Can I just start off by saying how blessed I am to have my two girls. It was not that long ago that I spent my days pleading to the Lord to bless our lives with children. I longed and wanted to have a family more than anything! I am so thankful for them. Now, I just hope we all survive to see them grow up!
WARNING: If you have perfectly sweet and always obedient children you may not should read the post below....it may cause you to feel prideful! (I am so kidding!)
I so lost my patience with ella this morning. God love her...but she about sent her mommy over the edge. It went something like this.
me-Ella, we are going to take a shower and get ready.
e-No mommy, I not like shower...I take bath.

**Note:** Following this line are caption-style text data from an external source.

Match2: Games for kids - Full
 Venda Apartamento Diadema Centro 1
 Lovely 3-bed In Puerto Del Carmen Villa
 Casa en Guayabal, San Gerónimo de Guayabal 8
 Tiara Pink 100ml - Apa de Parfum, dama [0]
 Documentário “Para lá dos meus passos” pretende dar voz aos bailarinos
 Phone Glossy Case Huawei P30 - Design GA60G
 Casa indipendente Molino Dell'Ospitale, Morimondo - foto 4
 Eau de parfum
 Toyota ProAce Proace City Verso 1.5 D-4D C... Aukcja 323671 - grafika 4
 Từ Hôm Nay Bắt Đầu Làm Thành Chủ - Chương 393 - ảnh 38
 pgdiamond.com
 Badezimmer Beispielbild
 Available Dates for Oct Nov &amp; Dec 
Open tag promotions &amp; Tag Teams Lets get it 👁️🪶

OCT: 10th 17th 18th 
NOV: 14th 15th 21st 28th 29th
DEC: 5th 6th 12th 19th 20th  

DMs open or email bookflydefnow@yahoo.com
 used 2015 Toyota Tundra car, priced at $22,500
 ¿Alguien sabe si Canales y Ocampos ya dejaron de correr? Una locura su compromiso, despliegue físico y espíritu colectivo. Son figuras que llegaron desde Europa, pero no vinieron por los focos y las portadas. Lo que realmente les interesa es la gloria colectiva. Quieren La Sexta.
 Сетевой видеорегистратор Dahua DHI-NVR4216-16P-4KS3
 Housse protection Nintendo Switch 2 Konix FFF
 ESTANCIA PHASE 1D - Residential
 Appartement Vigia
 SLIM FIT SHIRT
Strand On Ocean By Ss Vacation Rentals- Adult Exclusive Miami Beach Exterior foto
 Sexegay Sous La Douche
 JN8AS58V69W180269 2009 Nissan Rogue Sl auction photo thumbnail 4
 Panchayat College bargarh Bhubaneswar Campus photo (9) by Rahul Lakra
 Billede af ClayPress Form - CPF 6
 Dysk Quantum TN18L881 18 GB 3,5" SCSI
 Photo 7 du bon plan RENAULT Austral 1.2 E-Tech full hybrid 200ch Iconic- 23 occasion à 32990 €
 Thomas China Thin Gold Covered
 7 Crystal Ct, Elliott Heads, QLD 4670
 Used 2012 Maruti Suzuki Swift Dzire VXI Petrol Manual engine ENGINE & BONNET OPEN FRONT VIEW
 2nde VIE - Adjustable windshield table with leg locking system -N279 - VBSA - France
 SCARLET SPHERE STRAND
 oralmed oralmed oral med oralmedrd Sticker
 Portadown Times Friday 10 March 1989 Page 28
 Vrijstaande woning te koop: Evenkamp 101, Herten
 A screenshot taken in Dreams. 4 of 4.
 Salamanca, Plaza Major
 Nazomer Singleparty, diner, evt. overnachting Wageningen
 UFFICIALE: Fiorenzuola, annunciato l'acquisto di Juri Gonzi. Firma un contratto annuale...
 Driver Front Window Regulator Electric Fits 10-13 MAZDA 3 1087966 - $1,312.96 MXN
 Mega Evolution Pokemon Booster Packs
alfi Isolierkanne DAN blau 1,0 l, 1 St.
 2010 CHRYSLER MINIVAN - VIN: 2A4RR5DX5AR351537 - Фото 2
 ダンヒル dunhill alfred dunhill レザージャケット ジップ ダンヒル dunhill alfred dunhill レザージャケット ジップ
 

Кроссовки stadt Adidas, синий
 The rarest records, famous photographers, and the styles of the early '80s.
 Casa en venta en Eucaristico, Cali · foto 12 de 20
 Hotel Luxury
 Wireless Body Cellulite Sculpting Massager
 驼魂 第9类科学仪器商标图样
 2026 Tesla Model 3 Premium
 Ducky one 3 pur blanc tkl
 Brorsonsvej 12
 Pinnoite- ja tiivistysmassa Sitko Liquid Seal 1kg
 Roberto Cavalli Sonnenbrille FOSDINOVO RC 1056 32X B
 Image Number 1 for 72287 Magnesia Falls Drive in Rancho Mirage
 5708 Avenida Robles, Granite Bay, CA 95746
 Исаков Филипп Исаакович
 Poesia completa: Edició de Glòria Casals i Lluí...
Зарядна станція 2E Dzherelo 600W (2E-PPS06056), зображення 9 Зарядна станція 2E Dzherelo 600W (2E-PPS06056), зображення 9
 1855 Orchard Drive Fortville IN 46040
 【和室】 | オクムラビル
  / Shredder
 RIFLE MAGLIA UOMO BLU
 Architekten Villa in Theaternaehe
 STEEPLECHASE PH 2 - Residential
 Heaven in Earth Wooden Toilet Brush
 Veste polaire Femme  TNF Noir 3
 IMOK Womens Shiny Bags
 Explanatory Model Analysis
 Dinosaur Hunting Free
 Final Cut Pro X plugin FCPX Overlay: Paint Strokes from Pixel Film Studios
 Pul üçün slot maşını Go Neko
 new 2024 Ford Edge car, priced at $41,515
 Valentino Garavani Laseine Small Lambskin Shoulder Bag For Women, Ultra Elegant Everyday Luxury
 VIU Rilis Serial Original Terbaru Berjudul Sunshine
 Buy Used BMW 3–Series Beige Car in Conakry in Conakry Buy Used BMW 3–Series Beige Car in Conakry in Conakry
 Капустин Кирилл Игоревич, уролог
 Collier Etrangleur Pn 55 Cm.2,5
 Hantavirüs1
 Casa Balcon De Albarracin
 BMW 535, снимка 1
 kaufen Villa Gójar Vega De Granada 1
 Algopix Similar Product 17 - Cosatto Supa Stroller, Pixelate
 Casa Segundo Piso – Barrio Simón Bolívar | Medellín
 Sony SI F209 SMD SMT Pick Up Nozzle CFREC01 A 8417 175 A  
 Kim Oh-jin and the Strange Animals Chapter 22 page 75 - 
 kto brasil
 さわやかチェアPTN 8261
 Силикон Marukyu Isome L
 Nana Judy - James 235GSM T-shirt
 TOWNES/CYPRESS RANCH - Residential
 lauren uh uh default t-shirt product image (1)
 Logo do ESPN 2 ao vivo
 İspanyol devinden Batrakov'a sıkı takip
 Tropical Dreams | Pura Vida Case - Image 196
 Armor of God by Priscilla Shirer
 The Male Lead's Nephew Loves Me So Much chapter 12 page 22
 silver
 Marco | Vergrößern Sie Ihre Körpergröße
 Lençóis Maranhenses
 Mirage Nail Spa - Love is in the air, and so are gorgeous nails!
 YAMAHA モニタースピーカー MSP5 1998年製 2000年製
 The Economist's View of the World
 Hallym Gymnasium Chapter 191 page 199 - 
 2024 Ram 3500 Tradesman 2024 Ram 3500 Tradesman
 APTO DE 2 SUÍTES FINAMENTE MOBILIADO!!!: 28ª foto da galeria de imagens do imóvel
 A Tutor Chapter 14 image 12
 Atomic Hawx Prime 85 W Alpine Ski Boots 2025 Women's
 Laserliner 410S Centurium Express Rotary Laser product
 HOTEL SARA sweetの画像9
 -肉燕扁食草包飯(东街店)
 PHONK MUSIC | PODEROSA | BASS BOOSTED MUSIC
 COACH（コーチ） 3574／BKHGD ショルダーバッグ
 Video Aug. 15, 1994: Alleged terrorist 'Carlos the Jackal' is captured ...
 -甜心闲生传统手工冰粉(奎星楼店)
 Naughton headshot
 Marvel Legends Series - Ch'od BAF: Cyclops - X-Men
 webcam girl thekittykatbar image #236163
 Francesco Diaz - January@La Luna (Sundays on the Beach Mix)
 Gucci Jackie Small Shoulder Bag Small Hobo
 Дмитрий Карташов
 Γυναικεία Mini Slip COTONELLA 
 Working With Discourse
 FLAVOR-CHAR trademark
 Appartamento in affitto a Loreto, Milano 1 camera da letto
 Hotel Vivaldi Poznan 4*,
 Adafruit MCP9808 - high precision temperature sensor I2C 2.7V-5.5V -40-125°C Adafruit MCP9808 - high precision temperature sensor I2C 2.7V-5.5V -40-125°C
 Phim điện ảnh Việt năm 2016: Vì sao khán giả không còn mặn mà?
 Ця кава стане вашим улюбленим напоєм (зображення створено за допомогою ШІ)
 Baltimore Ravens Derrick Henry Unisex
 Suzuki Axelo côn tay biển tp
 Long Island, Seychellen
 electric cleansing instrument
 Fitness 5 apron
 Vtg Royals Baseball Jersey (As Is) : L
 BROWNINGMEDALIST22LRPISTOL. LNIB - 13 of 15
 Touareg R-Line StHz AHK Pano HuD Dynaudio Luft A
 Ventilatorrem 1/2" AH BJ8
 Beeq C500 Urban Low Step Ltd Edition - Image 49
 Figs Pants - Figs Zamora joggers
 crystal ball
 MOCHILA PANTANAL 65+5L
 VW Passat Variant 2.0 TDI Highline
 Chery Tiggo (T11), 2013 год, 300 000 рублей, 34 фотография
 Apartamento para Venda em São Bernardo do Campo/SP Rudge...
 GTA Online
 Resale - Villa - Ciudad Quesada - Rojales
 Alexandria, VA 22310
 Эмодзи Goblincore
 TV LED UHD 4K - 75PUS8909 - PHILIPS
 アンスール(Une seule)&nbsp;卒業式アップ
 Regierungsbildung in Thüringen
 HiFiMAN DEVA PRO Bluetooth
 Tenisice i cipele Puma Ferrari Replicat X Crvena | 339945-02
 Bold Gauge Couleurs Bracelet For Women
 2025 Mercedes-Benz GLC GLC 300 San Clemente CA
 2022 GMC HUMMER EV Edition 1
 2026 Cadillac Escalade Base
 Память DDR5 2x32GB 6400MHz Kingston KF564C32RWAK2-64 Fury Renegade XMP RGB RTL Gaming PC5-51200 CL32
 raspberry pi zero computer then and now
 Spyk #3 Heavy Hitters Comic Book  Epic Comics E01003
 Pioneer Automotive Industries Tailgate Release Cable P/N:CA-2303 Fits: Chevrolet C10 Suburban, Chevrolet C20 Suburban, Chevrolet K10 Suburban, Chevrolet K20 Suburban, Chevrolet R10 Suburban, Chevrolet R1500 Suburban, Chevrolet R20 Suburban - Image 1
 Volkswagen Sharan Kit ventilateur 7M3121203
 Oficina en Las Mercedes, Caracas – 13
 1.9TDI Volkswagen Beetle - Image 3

me-Ella, we take a shower everyday... don't be grumpy! All your toys are waiting on you!
e-No, I take bath!
me-okay, you can play in the tub and mommy will wash you when I am done. I put about two inches of water in the tub and jumped in the shower (they are side by side in our bathroom)
e-(Screaming) Shower mommy! I take Shower!!!
me-okay, okay, hold on...I'll get you! Jump out and grab a towel!
e-No mommy...I bath!
me-(my blood pressure is rising by the second) Okay you stay! I jump bath in the shower. (Sweet eliza is an innocent bystander sitting sweetly in her bouncy chair!)
e-(Crying) mommy I take shower with you. Please mommy, shower!!
me-no ella you lost your chance!
e-(Crying and screaming) Mommy, SHOWER!!! SHOWER!
me-Okay! I get out (thinking this would help me out in the long run because I could bathe her with me and save a step!) I pick her up and put her in the shower as she goes crazy...trying to get out with all her might!
e-my bath, my bath, my bath!
me-bath is OVER...you are not getting out...this is ridiculous!! My blood is boiling and my hot water is running our by the second. Sweet little eliza is wondering what all this drama is about because it is really ruining her early morning nap!
e-Screaming trying to get the shower door open! (this went on for about two minutes)
me-You are done! I pick her up and put her in the bath and tell her to sit quietly and she is in big trouble!
e-crying
me-freezing water at this point. Finish shower. wrap my little drama queen in her towel and politely plopped her little self in time-out! I counted to ten..took deep breathes....and told the Lord I was angry and needed help!
e-after a lengthy little sit....was told to apologize, got diapered (I wasn't about to put panties back on her in that state of mind), dressed and deposited in her bed for a very early nap! I haven't heard a peep since!
me-sat on the couch with my bible in hand and looked desperately for wisdom from the Lord.
Proverbs 31:26"She speaks with wisdom and faithful instruction is on her tongue."
Help me Lord....I have my work cut out for me....and it's only10am!
2 comments:
Someday you will read this and laugh your head off. But, not now.
I am laughing ONLY because the Lord popped my mothering pride when He gave me Sarah! Your stories of Ella remind me SO much of Sarah. I have no doubt that they would get along very well! I have verses all over our walls so that I am reminded constantly where my strength comes from!!! God uses that cute little girl to remind me several times a day from where my help comes from!